The National Archives’ collection contains the Baltic-German artist Eveline von Maydell’s fond with about 1000 detail-rich scissor-cuts in it. In 2014 the National Archives and the Estonian Art Museum arranged a joint exhibition titled Eveline von Maydell. The Black-and-White World where about 200 scissor-cuts were displayed.
The preparatory work of the exhibition embraced the conservation of the collection and making storing wraps for the items. Above all, the fragility of the objects had to be kept in mind throughout the conservation process. The special skills and talent of the artist is in these pieces expressed in her minute details that would disappear forever if treated carelessly or applying unsuitable methods. And these were just the minute details that had been damaged most – being either wrinkled, grated or broken loose. Thus the main implements on the conservator’s table were the magnifier, needle, fine tweezers and brushes that helped to smooth the details millimetre by millimetre and then fix them on the base.

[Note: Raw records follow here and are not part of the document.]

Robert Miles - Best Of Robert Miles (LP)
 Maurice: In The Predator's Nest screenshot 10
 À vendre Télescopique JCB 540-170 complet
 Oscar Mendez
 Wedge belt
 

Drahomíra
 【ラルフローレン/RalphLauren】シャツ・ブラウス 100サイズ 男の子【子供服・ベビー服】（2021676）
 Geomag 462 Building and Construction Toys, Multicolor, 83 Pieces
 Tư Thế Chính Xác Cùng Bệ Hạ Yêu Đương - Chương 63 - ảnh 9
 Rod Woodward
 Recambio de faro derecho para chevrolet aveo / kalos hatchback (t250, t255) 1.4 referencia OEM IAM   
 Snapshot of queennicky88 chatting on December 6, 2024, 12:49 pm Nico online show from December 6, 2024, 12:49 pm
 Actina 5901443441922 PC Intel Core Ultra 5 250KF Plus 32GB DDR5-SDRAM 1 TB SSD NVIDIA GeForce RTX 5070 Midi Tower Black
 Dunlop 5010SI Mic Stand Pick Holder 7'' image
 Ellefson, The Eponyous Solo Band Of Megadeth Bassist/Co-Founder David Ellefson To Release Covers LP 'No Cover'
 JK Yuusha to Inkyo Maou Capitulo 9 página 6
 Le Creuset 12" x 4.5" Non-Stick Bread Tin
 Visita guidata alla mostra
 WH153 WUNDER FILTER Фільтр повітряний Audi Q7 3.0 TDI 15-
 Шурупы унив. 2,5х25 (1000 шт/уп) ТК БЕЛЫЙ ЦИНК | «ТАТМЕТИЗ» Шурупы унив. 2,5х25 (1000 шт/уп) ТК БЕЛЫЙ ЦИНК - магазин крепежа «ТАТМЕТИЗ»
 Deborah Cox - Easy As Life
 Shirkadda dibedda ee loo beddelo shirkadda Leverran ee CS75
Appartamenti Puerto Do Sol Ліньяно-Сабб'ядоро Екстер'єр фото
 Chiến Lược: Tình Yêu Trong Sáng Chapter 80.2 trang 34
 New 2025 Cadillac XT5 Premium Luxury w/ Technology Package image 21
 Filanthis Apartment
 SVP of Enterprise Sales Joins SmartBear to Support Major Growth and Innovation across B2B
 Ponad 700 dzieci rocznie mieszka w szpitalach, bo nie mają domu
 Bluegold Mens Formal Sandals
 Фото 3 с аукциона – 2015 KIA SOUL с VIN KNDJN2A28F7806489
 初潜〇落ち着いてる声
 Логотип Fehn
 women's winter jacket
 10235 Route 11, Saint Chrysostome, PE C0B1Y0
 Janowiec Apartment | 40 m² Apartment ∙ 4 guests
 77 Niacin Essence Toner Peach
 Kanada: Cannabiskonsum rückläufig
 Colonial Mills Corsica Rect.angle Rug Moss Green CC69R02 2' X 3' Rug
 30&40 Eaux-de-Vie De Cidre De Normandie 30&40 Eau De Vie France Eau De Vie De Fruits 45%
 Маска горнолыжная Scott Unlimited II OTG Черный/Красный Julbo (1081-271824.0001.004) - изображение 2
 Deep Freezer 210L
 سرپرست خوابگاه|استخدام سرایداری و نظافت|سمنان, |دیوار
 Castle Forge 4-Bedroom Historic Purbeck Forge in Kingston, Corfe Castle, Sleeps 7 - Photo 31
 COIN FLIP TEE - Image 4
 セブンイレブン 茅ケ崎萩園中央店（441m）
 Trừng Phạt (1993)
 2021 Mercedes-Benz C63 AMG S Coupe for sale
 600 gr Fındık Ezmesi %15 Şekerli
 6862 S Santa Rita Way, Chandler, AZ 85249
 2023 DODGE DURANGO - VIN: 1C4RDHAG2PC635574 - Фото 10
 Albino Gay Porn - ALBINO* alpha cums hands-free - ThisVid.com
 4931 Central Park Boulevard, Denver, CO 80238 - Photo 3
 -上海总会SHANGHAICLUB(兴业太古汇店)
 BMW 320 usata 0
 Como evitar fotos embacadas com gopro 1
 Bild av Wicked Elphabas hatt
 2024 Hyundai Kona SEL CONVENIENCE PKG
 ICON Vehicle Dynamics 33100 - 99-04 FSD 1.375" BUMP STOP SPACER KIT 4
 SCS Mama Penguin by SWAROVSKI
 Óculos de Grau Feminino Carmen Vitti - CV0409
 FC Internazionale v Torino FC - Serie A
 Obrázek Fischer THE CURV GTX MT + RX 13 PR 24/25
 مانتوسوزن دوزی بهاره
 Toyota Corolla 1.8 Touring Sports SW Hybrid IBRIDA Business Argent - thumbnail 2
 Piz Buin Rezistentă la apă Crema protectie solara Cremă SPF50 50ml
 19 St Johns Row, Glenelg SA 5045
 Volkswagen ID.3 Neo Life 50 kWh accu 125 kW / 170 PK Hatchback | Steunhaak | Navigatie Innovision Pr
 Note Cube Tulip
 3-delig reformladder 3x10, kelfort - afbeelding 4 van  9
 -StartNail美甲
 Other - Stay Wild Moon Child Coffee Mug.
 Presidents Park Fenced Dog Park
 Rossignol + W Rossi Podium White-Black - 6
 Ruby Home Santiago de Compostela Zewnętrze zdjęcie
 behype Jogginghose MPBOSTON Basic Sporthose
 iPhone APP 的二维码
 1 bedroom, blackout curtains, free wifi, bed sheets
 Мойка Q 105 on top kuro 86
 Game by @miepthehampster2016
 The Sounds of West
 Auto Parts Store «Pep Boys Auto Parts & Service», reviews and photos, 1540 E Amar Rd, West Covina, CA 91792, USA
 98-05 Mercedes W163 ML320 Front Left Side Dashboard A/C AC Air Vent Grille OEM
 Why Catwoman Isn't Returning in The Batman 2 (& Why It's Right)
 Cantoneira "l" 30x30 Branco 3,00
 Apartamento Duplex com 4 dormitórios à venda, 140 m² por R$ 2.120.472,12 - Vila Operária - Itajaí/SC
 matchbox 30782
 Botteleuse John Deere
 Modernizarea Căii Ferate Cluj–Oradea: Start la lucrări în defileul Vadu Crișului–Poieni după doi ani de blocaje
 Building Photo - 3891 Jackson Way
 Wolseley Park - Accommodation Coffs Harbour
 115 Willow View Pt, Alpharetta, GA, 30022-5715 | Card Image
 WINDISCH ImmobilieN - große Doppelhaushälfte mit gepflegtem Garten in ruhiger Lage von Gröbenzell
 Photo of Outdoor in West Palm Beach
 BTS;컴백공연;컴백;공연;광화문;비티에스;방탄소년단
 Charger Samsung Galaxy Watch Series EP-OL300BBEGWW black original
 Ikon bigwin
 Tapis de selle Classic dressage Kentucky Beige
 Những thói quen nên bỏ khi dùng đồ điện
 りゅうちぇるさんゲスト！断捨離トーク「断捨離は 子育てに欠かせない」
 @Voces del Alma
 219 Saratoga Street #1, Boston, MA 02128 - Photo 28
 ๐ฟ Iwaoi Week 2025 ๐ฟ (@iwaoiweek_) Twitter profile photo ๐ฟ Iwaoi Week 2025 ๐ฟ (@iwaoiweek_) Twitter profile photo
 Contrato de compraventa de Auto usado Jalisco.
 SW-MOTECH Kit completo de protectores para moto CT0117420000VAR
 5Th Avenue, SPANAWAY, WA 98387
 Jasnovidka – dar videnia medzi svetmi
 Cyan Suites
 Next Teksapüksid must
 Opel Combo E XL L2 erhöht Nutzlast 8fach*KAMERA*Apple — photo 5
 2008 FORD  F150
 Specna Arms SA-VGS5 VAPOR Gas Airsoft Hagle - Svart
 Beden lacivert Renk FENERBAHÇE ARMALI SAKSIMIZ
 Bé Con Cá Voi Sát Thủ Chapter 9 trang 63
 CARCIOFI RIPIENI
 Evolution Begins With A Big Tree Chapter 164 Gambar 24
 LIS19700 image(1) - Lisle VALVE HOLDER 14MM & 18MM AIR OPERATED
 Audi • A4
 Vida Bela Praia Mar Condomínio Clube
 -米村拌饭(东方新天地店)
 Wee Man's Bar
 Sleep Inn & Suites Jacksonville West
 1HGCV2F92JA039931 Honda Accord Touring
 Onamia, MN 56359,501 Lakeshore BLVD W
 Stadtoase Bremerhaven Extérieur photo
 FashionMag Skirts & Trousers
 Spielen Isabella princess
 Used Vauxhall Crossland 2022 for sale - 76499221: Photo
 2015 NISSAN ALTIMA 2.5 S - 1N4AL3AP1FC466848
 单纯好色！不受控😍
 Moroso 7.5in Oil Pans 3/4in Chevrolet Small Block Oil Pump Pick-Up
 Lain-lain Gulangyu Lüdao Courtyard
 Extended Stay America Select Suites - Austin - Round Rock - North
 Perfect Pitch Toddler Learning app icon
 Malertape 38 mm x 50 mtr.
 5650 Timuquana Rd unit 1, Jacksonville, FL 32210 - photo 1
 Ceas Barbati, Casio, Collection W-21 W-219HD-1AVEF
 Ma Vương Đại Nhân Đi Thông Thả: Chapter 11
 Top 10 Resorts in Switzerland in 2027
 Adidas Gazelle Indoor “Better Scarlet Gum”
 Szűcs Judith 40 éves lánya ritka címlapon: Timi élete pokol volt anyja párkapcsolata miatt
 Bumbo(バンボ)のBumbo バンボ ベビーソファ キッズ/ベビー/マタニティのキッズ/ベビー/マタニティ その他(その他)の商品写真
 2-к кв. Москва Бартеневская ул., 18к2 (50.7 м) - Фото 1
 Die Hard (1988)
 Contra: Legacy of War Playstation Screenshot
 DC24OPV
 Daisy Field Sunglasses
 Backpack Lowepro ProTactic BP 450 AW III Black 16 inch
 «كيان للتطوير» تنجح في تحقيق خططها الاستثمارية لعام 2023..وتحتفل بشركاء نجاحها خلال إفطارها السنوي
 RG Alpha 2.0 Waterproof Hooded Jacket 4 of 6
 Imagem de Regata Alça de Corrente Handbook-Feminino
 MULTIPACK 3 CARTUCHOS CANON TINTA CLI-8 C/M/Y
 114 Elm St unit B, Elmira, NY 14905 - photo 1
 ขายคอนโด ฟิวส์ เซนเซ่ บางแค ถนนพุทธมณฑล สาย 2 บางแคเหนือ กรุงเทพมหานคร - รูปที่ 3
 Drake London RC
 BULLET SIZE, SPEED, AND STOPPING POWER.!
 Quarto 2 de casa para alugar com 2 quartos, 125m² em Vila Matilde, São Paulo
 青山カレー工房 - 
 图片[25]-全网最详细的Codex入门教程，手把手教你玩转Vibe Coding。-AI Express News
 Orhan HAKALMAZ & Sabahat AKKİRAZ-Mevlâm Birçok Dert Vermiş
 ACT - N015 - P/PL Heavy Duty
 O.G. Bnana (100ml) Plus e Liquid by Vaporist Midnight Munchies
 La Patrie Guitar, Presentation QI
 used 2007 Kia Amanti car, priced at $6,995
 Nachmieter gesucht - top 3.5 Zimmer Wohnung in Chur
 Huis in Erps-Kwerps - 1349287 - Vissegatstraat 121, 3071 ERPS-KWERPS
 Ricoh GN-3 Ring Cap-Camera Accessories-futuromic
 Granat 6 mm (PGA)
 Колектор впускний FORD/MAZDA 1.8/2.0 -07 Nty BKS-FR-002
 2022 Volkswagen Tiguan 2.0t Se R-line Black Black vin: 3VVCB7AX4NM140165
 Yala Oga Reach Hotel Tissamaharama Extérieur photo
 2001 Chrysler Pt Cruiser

The glue was wheat-meal paste mixed with methylcellulose that had to be carried on the contact surfaces with a fine brush in minimum doses. What made the work complicated was that the black and matte scissor-cut was slightly sensitive to water and mechanical damages. The glue had been well chosen as it had a gelatinous consistence and was viscous, dried quickly and did not need long-time pressure. The artist herself had glued her silhouettes on the base with a single drop of glue only. Taking this into consideration, the conservators fixed only the most minute or most-damaged details.
High quality, archive-safe Hahnemühle’s cardboard (300 and 400 g/square m) was used for the double wraps. The slip-sheets had to be slightly transparent and gently fix the scissor-cut. In order to protect the partially or totally loose fine scissor-cuts from further damages the surrounding material was provided with a micalent paper cover that could be easily folded onto the back for viewing or for display.
Work on Eveline Adelheid von Maydell’s scissor-cut collection was a time-consuming, but instructive assignment that offered us much beauty and satisfaction. The National Archives are really proud of having this magnificent collection to keep and to care for and will continue doing their best to continue doing it.